I woke up this morning to a shift in the air. Something I couldn't quite put my finger on. When I arrived at the station I immediately felt validated in my previous inklings, though I still could not pinpoint why. Some of the officers gave me odd looks as I walked in but I was unsure as to why; usually Jane would fill me in on these kinds of things. It wasn't until an hour later that I knew. I finally checked my voicemail from the previous day and had yet another message from Jane.

"I don't know if I should fight anymore, Maura. I keep trying, I do. To talk to you, to explain to you, to try and have any kind of conversation with you. So many times I've tried, but I don't think it will ever be enough. I could tell you all the technical reasons why things happened the way they did. I could tell you of my emotions afterwards. I could tell how things went that day from every aspect and angle I can think of, but it'll never amount to anything. I can tell you I'm sorry a million ways to Sunday and it won't matter. I've hurt you, past the point of any repair. I did that. And I can't even fix it because there is no fixing it.
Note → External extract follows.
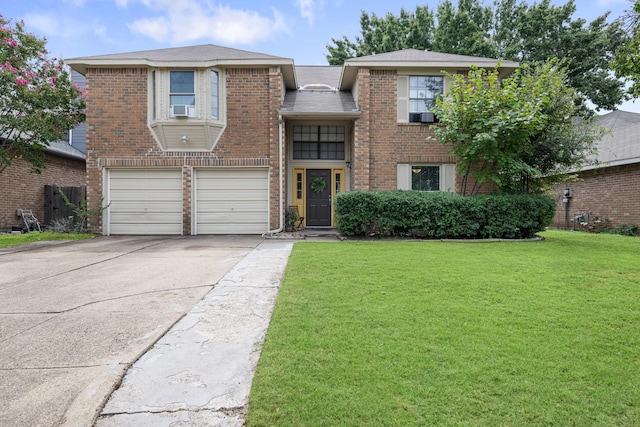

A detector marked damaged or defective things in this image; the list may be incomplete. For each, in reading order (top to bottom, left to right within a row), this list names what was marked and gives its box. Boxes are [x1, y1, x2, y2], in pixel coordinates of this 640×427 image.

I don't think a person can fix something when the fault doesn't lie entirely on their self, you know? Do you know how many times I wished this was my doing alone? Because sometimes I think it would be better that way, because then there wouldn't be so many factors to take into account. It would be easier to apologize because the blame would be all my own. And even if you didn't forgive me, it would still be easier on you, because you'd have direct blame, right? But I am sorry, I am so so sorry for the way things went down. I never should have let you in on that, let you be bait. I shouldn't have done that. I'm sorry, Maura, I am. I don't know if I did the right thing anymore. I don't know a lot anymore. Am I a good cop, a good daughter, sister, friend? Was I ever? I don't know. And I know now, that I can't fix this. I don't know if I ever could. But there is something I think I can do to make things easier, so I'm going to do that, and then, I hope things will be at least be a little bit better for you. I hope you'll smile again. I hope you'll let someone in, let my family back in, because they are your family and they're worried about you, too. Talk to them, come back to them, they miss you too. Remember, there are people who love you, who want you around, and who value you. Don't forget that, okay? I will always love you, and always miss you, and always want you, you can't forget that either. Or if it makes it easier for you, then you can, forget me, I mean. But right now, I'm not good for you, I know that. I hope I have made things better here, I really do. Goodbye, Maura."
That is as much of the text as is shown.